Jogámos bem? Não. Mas vencemos o europeu. E isso é que fica para a história. Provavelmente, se tivéssemos tido um futebol de êxtase e deslumbrante, estaríamos hoje a ver as cores da bandeira de outro país nos escaparates do mundo.

Não fiquei absorvido pela euforia do jogo, mas arrebatado pelo orgulho da nação. Neste europeu, que é nosso, houve linhas tortas para que se pudesse escrever direito. Fernando Santos profetizou-o.

Com futebol morno fomos enganando adversários. Ronaldo, que é o maior, desta vez não foi o melhor. E criou-se até espaço na história para a entrada de um herói improvável.
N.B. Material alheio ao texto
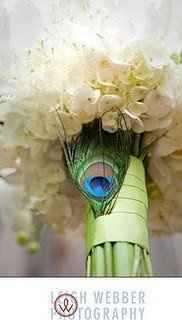 for the peacock brides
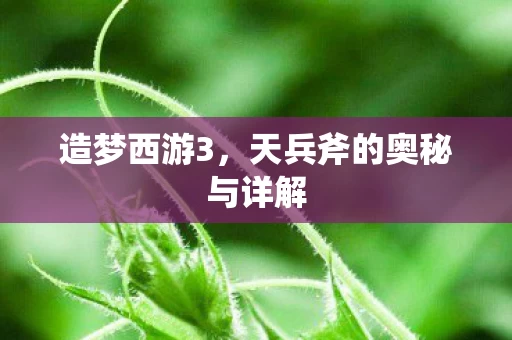 天兵斧的奥秘与详解图片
Éder, que começou a jogar no Adémia, encontrou o buraco na agulha do nosso acesso ao título.

Entrámos frouxos, pouco espevitados, meio adormecidos. A tática era de fé e entrega. Bem sei que no campo havia 11 contra 11. Mas os franceses estavam por todo o lado…

Fomos apertados por eles, pressionados, às vezes sorvidos, noutros momentos engolidos pelo tufão azul que fazia circular o esférico como se nada existisse à sua frente.

Mas ali estávamos nós em potência, mostrando que a vitória da alma suada é superior ao barulho improfícuo das claques e dos cronistas franceses. Fomos bloqueando os outros e destruindo as suas aspirações, jogo após jogo. Fernando Santos mostrou como se soma mesmo sem se jogar bem.

A final em Paris estava desenhada para os franceses. Eles entraram com tudo. Pressionaram, obrigaram-nos a errar. Pepe, imperial, que quase sempre nos salvou, escorregou uma vez.

Mas Patrício voou. Patrício abriu as asas e voou. Patrício, aquele que sempre que joga com os pés põe meia paróquia com o credo na boca, nesta final esteve exímio até no passe.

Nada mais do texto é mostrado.